I didn't find myself worrying that much about the answer, and not just because I haven't gotten around to Caro's books myself. The story of the two Roberts in the movie raised far more haunting questions than whether the Johnson series does or doesn't get done—questions about meaning, and fulfillment, and the size that a person's ambitions or hopes can attain in this world, then and now and hereafter. It is charming and witty and entertaining and full of a sorrow that has very little to do with the fear of death per se.
The most powerful source of charm is Robert Gottlieb, disheveled and shockingly charismatic, whether in the present day or in archival images. Lizzie Gottlieb told the audience that the movie originated from her desire to make something that would show her admiration for her father, and his affection for her in return carries through the lens. But besides the obvious question of why anyone else should care about a child's love letter to a parent, the elder Gottlieb posed a structural and narrative problem: he has simply done too much, too well, for too long and across too many domains; he is not only the prolific editor of several eras’ worth of vital literary authors, and the editor of books by powerful and important public figures, but a writer himself, and a magazine editor, and a hugely perceptive and influential balletomane whose enthusiasm for George Balanchine led him onto the board of the New York City Ballet and now the Miami Ballet.
Rather than trying to cram all of those dealings with all of those geniuses into one account of her inexhaustible cultural fox of a father, the younger Gottlieb chose to tell the story of his relationship with a singular, monomaniacal hedgehog. Robert Caro is guarded and deliberate where his editor is breezy and intuitive, but Lizzie Gottlieb has the ear and the eye to capture how their individual characters bring them into harmony. Each of them, the film tells, translated an unhappy, frantically bookish upbringing into his life's calling, and for Caro, Robert Gottlieb brought the whirl of his professional life to a grinding standstill, hunkering down in an office for hours and days, armed with pencils, to wage siege warfare—alternately with and against his author—on the towering fortresses of his manuscripts. They recall the labor of hacking 350,000 words, a long book's worth of pages in its own right, out of the million-word draft of The Power Broker, to make it fit within the physical limit of its covers; the open-ended series of Lyndon Johnson volumes is, effectively, the compensation Caro wrung out of his publisher for that lost material.

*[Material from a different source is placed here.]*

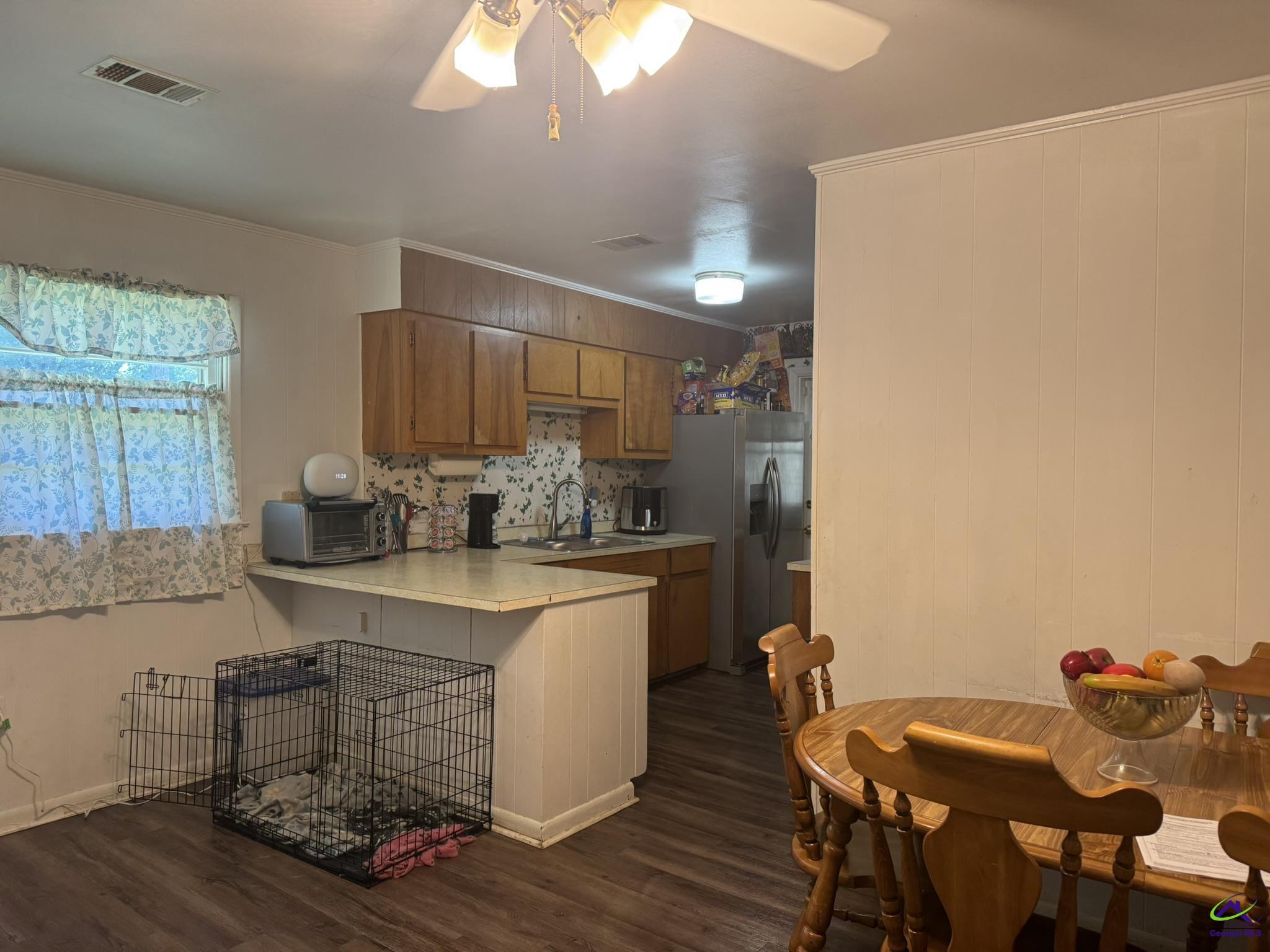1032 Elberta Road Warner Robins, GA 31093 - Photo 4 of 26 a kitchen with a table and chairs in it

Who does this sort of thing anymore? The arrangements that created and sustained their partnership—that kept the ideal pairing of author and editor fed and housed and free to collaborate through the decades—would be impossible today, Caro's agent Lynn Nesbit says in the film. It belongs to that maximal mid-century American realm of power and achievement that Caro dedicated his life to understanding and disenchanting; their literary project echoes the immensity and enormity of Robert Moses and Lyndon Johnson, in whose shadows they labored.
Diminishment, in many forms, is the great theme of the movie. Caro and his wife Ina, his lifelong fellow researcher, are welcomed to the Lyndon Johnson presidential library as the heroic authorities they are, but above them on the grand stairs loom (an overused word of Caro's, Robert Gottlieb tells the camera elsewhere, looming) shelves upon shelves upon shelves of red boxes of papers, floors of shelves, millions and millions of papers. Not even the Caros can read them all.

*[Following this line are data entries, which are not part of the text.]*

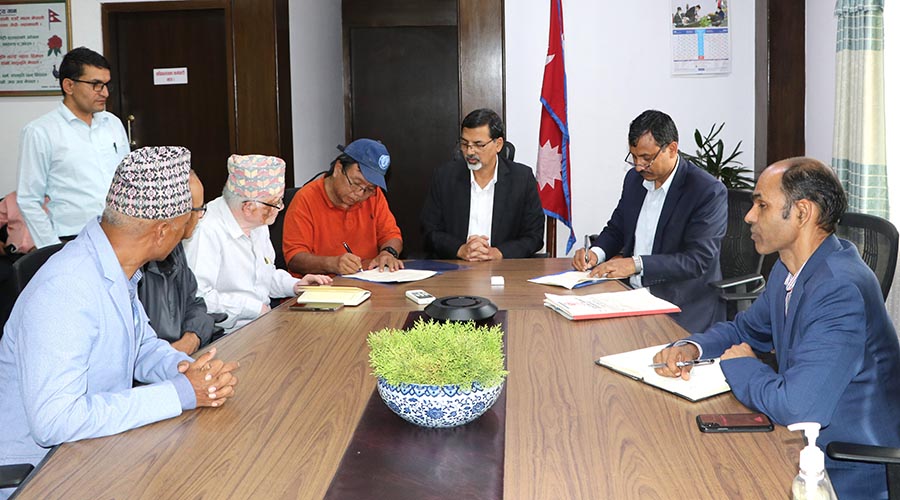 The government signs an agreement with Mahabir Pun-led National Innovation Centre to let it operate the Krishi Aujar Karkhana Limited, a Birgunj-based agricultural tool factory, in Kathmandu, on Tuesday, September 27, 2022. 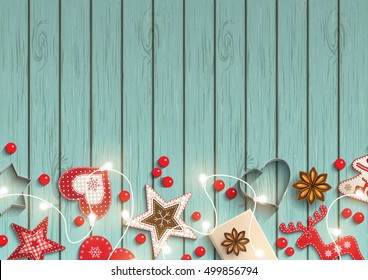 Christmas background, small scandinavian styled red decorations iluminated by electric decorative lights lying on blue wooden desk, inspired by flat lay style, vector illustration, eps 10 with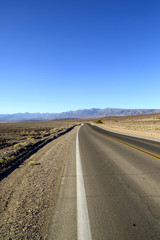 Fototapeta na wymiar The long hot road in the death valley national park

Amid the parade of famous figures attempting to describe the talismanic power of the work, meanwhile, there is Bill Clinton, snowy-haired and shrunken with age, trying to express to Lizzie Gottlieb what the LBJ books mean to him. They show, he says, how in our country a deeply flawed man, a man perhaps with base motives, may yet achieve great things. It is naked, abject pleading.
Clinton also confesses, with much less anguish, that Robert Gottlieb dumped him—that the editor told the ex-president that his planned book about his post–White House years wasn't going to be what it ought to be, and he didn't want to spend his remaining life working on it. The anxiety of living up to the moment, of being worth the time, creeps over everyone. David Remnick, the editor of the New Yorker (a position that Gottlieb briefly had but could not keep, though with winning immodesty he says it was an obvious fit for him) looks almost furtive as he tries, not quite successfully, to offer his own answer in the titans' long-running, intimidating dispute about the proper function of a semicolon.

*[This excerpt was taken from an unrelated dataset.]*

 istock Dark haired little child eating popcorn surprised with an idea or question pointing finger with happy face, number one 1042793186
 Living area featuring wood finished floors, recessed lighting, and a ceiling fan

And there is the filmmaker herself. Her father, with his limitless curiosity and energy, defined the shape of American literature; she is making a movie about her dad. She knows this, and with that knowledge, she has made it a gripping work of art.
PROMO DEP’T.
GOOD AFTERNOON! In our ongoing quest to provide you, the readers, with as much reading material as is feasible, about as many things as we are interested in, Indignity this week introduced a new section: the Wordle Postgame Report, in which we analyze the results of the previous day's edition of the popular five-letter-word-guessing game currently owned by the New York Times. In our ongoing quest to avoid needlessly annoying you, the readers, we did NOT deliver the Wordle Postgame Report to your email inboxes, on the grounds that many of you presumably do not play Wordle and therefore have no need or desire to read about the game.
Here is a TASTE of today’s edition. If you do not play Wordle, please AVOID this, and ENJOY your already complete Indignity-reading experience.
Wordle Postgame Report, June 16: _ _ _ _ _
I THOUGHT OF a really pleasing starter word before going to bed and completely forgot what it was by morning, so I went with FLARE and got two yellow letters on the A and the R. This was more useful than it looked at first: R tends to be part of a consonant cluster, but the A couldn't be in the center of the word, so that cluster probably wasn't balanced against some other cluster. The target would have some sort of lopsided pattern…
For the exciting FINIS of this Wordle Postgame Report, click here. To read all the Wordle Postgame Reports, click here.
If you would like to go so far as to subscribe to it, and to receive it in your email like the rest of Indignity's content, you may do so here. Perhaps we will do this with other sections, using Substack's dedicated section-building technology.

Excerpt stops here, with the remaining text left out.